ENH: cov: expose correction and weights parameters#690
ENH: cov: expose correction and weights parameters#690bruAristimunha wants to merge 10 commits intodata-apis:mainfrom
Conversation
Resolves data-apis#688. Adds `axis`, `correction`, `frequency_weights`, and `weights` to `cov`, giving users control over the degrees-of-freedom correction and the observation-axis / weighted variants that `numpy.cov` and `torch.cov` already support. Naming follows array-api conventions (`axis`, `correction`) rather than numpy's (`rowvar`, `bias`, `ddof`); the docstring includes a one-to-one mapping. The delegation moves observations to the last axis via `xp.moveaxis`, collapsing `rowvar` out of the backend dispatch — only `ddof` vs `correction` differs between branches. Dask's native `cov` forces `.compute()` on a lazy scalar when any weights are given, so weighted dask inputs fall through to the generic implementation, which is fully lazy.
|
It looks like the The PR description mentions that other functions in this library already use |
| # `numpy.cov` (and cupy/dask/jax) require integer `ddof`; `torch.cov` | ||
| # requires integer `correction`. For non-integer-valued `correction`, | ||
| # fall through to the generic implementation. | ||
| integer_correction = isinstance(correction, int) or correction.is_integer() |
There was a problem hiding this comment.
Why do we allow non integer corrections in the first place? Is this to allow people to pass correction=1. instead of raising an error? Or do people really use corrections that are correction=1.234 (I'm not familiar with advanced uses)

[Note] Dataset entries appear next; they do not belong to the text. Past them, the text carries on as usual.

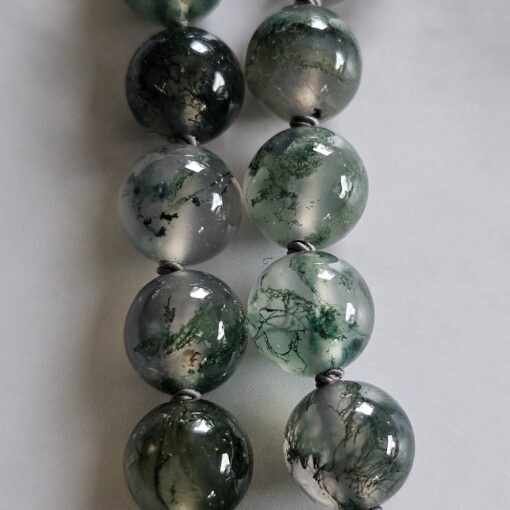 Moosachat (Chalcedon) -Mala mit Moosachat-Donut und Armband – Bild 25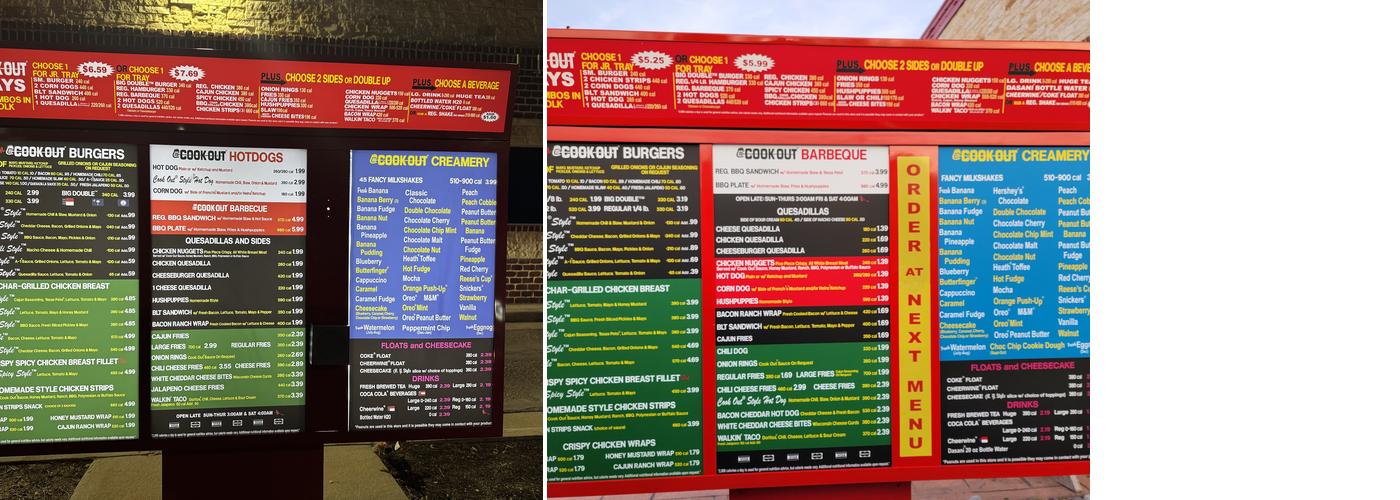 Cook Out Menu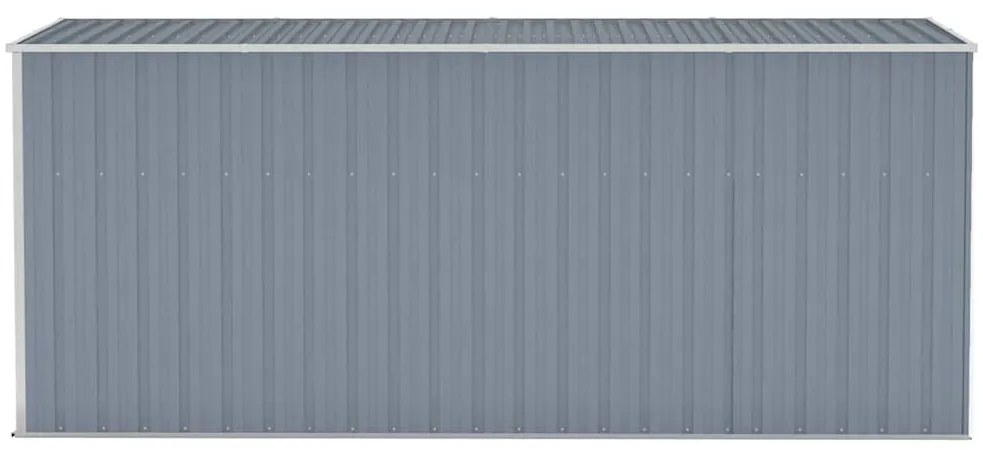 vidaXL Αποθήκη Κήπου Επιτοίχια Γκρι 118x382x178 εκ από Γαλβ. Ατσάλι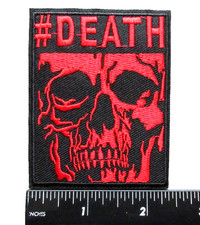   DEATH SKULL GOTHIC PUNK RED  BLACK JACKET VEST HAT EMBROIDERED IRON ON PATCH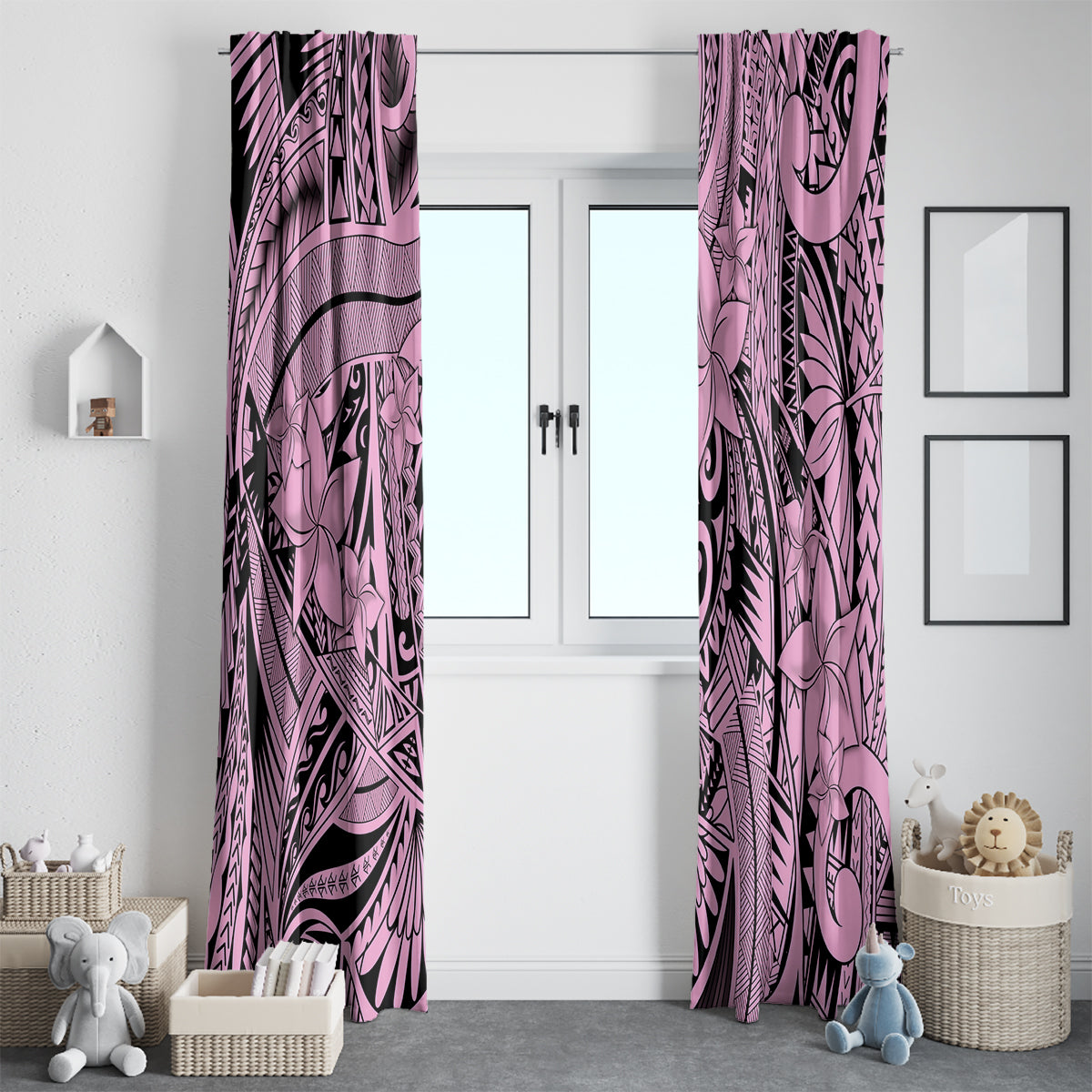 Polynesia Window Curtain Tribal Polynesian Spirit With Pink Pacific Flowers - Wonder Print Shop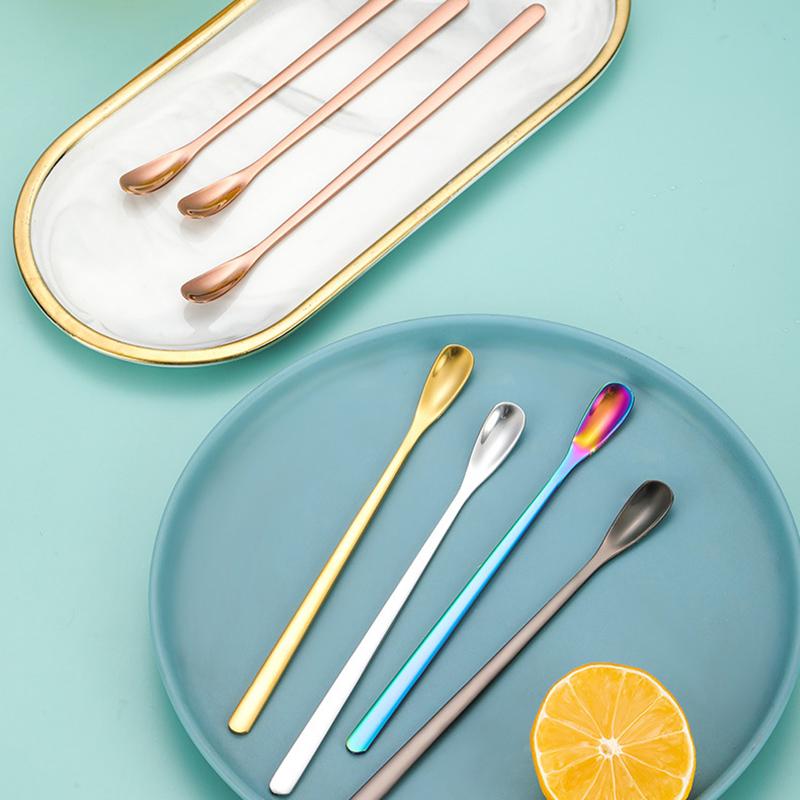 1Pc Stainless Steel Long Handle Stirring Spoon Coffee Tea Spoons Dessert Spoon Stirring Rod Tiny Spoon Kitchen Accessories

There was a problem hiding this comment.
Here, I follow the xp.var approach to allow int and float, https://data-apis.org/array-api/latest/API_specification/generated/array_api.var.html.

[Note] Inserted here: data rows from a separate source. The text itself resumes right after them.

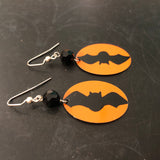 Small Oval Bats Tin Earrings with Bead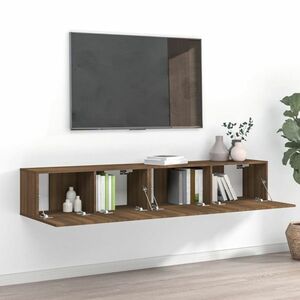 vidaXL Zestaw 2 szafek pod TV, brązowy dąb, materiał drewnopochodny obraz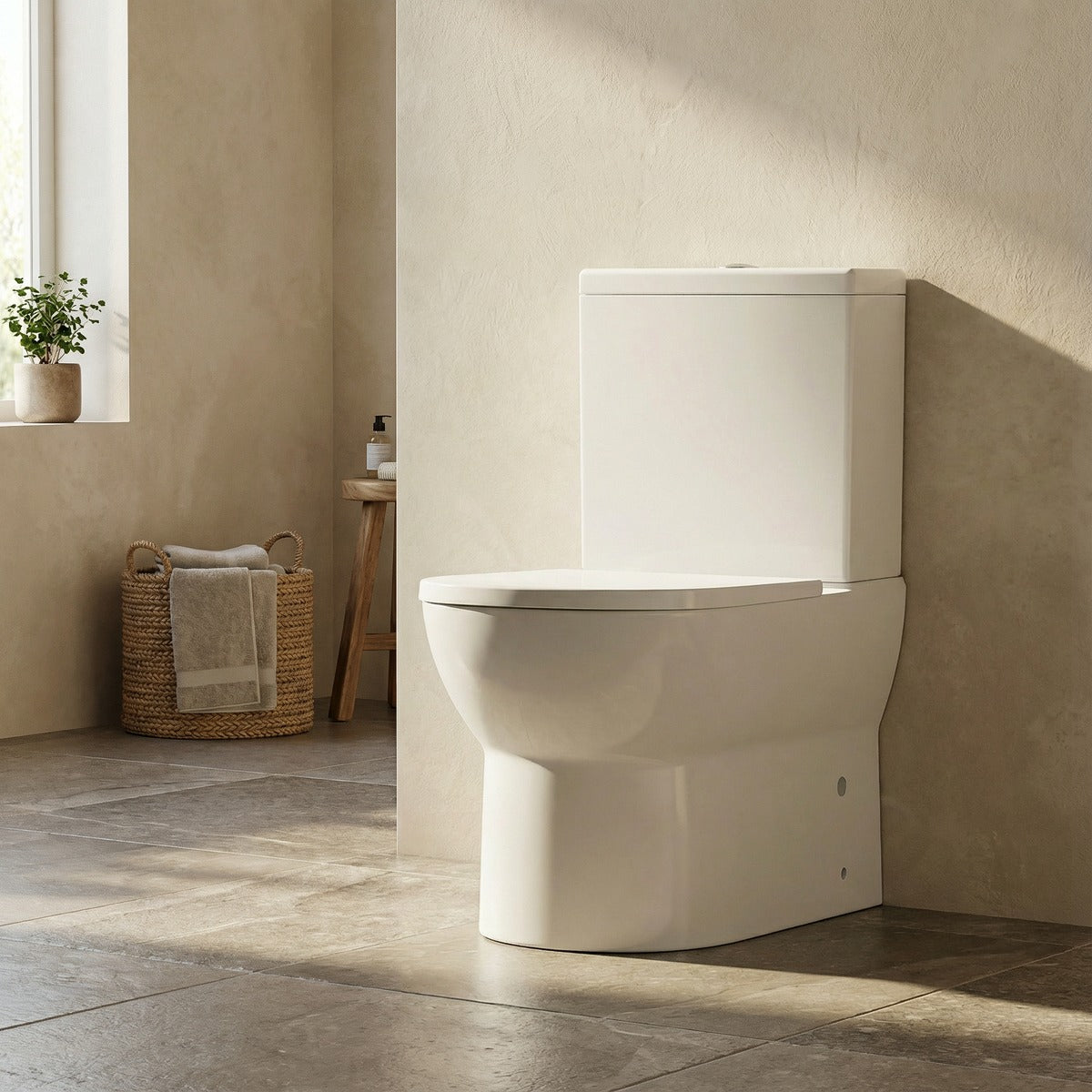 Baridi Close-Coupled Toilet with Soft Close Seat, Dual Flush Cistern & Rimless Flush – White DH333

Think about the case use, I don't know either. We can reduce the scope of the var and allow only integers. I think it is a good idea!
There was a problem hiding this comment.
If observations have weights, the unbiased correction is often not n-1. Instead, it depends on the sum of weights and their dispersion. Another instance where the correction is not an integer is for autocorrelated data.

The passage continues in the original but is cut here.